Home on the rails

Professor Amy Richter's research
As much as it changed the American landscape, the coming of the railroad in the 19th century transformed American society. By providing a fast and relatively inexpensive means of long distance travel, railroads opened the vast expanses west of the Mississippi to settlement, and made it much easier for family and friends to stay connected, even when separated by distance.

In her new book, Home on the Rails, historian Amy Richter explains that railroad travel also created a context whereby female passengers, especially those traveling alone, were required to mingle with strangers--male and female, rich and poor, white and "colored"--to a degree that had, hitherto, been unusual. The railroad car constituted a public space where unrelated men and women might be confined together for a few hours to a few days. As a result, the relation of women to this new public space, and the conduct of male and female strangers toward each other, had to be defined.

The railroads created this public space at a time when gender roles were becoming more rigidly defined. As the Industrial Revolution progressed, the workplace became increasingly separated by location from the family home. While men left home to work for wages, women remained behind to tend children and keep house. The Victorian "cult of true womanhood" maintained that women should confine themselves to their "natural" and private sphere of home and family. Man's natural sphere, in contrast, was the public one of work, commerce, and government. Thus, the opportunity for unrelated men and women to mingle during travel--a decidedly public context, was perceived as a potential threat to a woman's emotional purity and physical safety.

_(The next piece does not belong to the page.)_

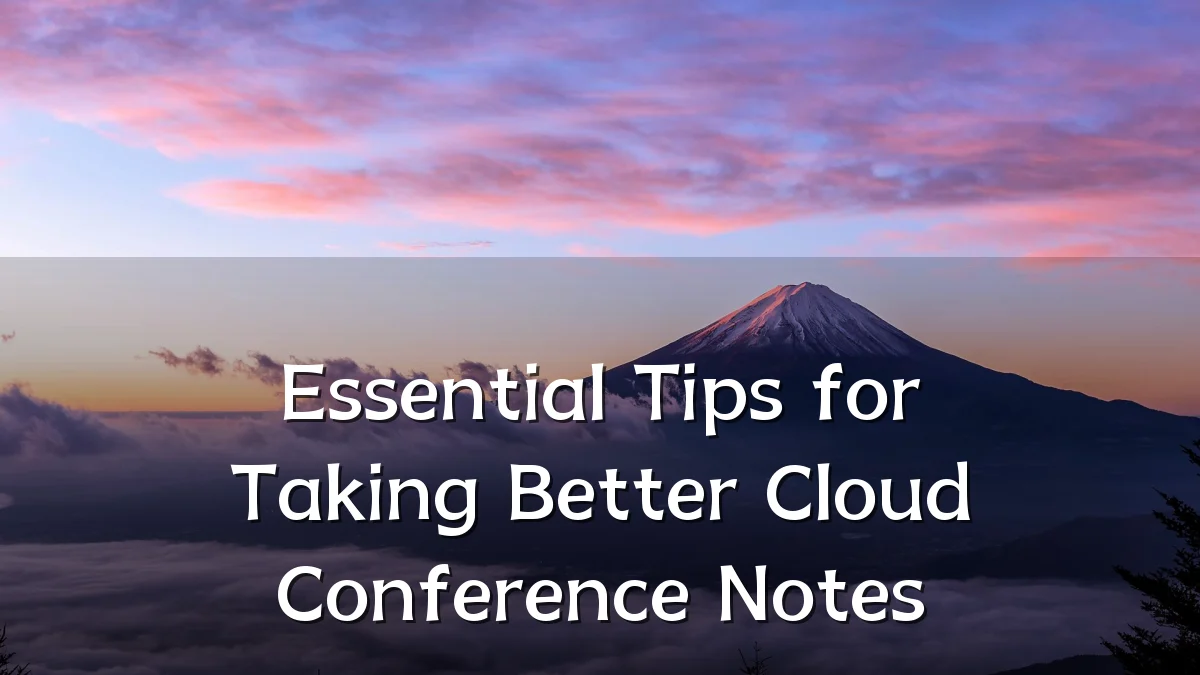 Essential Tips for Taking Better Cloud Conference Notes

Richter wanted to understand how 19th century American society reconciled its expectation that women confine themselves to the private sphere, while at the same time accommodating their increasing need and desire to venture into the world, whether to migrate to a place of more opportunity, or to visit family and friends that were becoming dispersed across a vast continent. Did the railroad companies, which obviously wanted as many passengers as possible, try to convince women and society at large that train travel would not compromise a woman's identity as a woman? Did increasing participation in train travel redefine what were appropriate interactions and activities for women in a country that celebrated its ideals of personal freedom and democratic ideals? Did these attitudes and expectations apply to all women, white as well as those of color, rich as well as poor, single and married?

Richter shows how society's expectation that women confine themselves to the private sphere and the need of women to travel coexisted uneasily, and, how, over time, that need to venture into the public space of travel stretched the boundaries of what activities were considered acceptable for women's participation. In the process, Richter examined personal journals and writings of the time, newspapers, and especially the vast amount of 19th century printed material relating to railroad companies and railroad travel. This last included company archives, advertisements, magazines, and popular fiction.